Il est encore douteux que la chancellerie ait abandonné définitivement le système exposé dans la circulaire de 1841. La question n'a été, depuis lors, qu'incidemment posée dans les documents officiels, et l'opinion du pouvoir exécutif n'a pas eu l'occasion de s'affirmer d'une manière définitive.

Dans la dépêche du ministre lue à l'audience de la Cour d'assises de la Vienne, le 3 décembre 1866, il est dit que les questions diplomatiques ne peuvent être débattues utilement devant les tribunaux cette assertion n'est pas conciliable avec le droit que les tribunaux auraient de surseoir, pour qu'il fût statué sur ces mêmes questions par l'autorité compétente.

Cependant, la dépêche adressée au procureur général de la Cour de cassation et lue à l'audience du 4 juillet 1867 (affaire Renneçon-Charpentier), contient le passage suivant, qui semble en contradiction avec les indications précédemment émises :

<< Enfin l'arrêt Dermenon, du 4 septembre 1840, défend aux tribunaux de décider si des actes d'une autorité étrangère constituent ou non une extradition virtuelle, sans en référer à l'interprétation du gouvernement.
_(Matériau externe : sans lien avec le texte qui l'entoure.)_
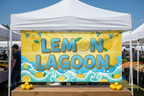 Vinyl Banner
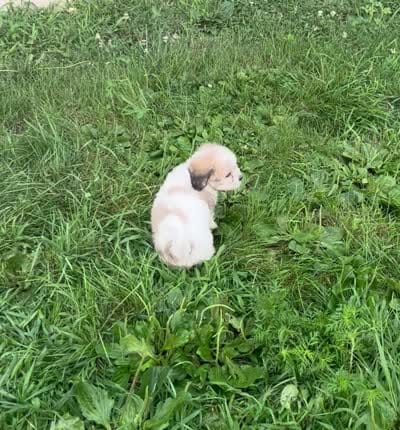 Latte , a male Coton de Tulear for sale in Roodhouse, IL – 10 of 10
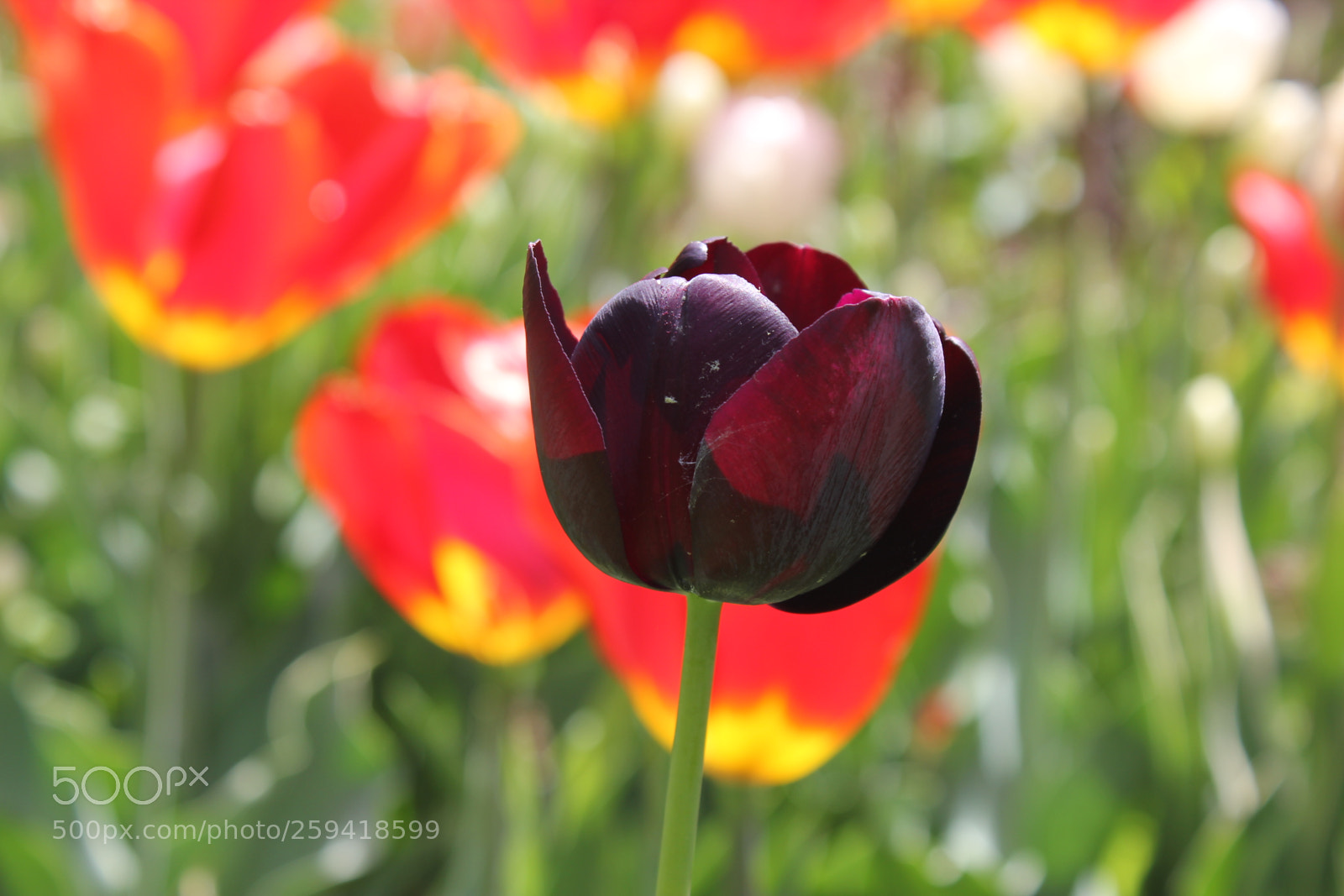 Canon EOS 550D (EOS Rebel T2i / EOS Kiss X4) sample photo. Tulips rosetta mcclain gardens photography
Les tribunaux se conforment ordinairement à une jurisprudence aussi sage, et il en a été fait récemment une application irréprochable par la Cour d'assises de la Vienne, dans l'affaire Lamirande. » (Arrêts des 3 et 4 décembre 1866.)

Nous avons peine à nous expliquer ce rapprochement l'arrêt Dermenon fait un devoir aux tribunaux de surseoir pour en référer au gouvernement, et l'arrêt Lamirande (3 décembre 1866), repousse des conclusions qui tendaient à un sursis de cette nature. Le rédacteur de la dépêche n'a sans doute fixé son attention que sur cette idée, très-juste d'ailleurs, que les deux arrêts consacrent, à savoir que les actes d'extradition échappent au contrôle de l'autorité judiciaire.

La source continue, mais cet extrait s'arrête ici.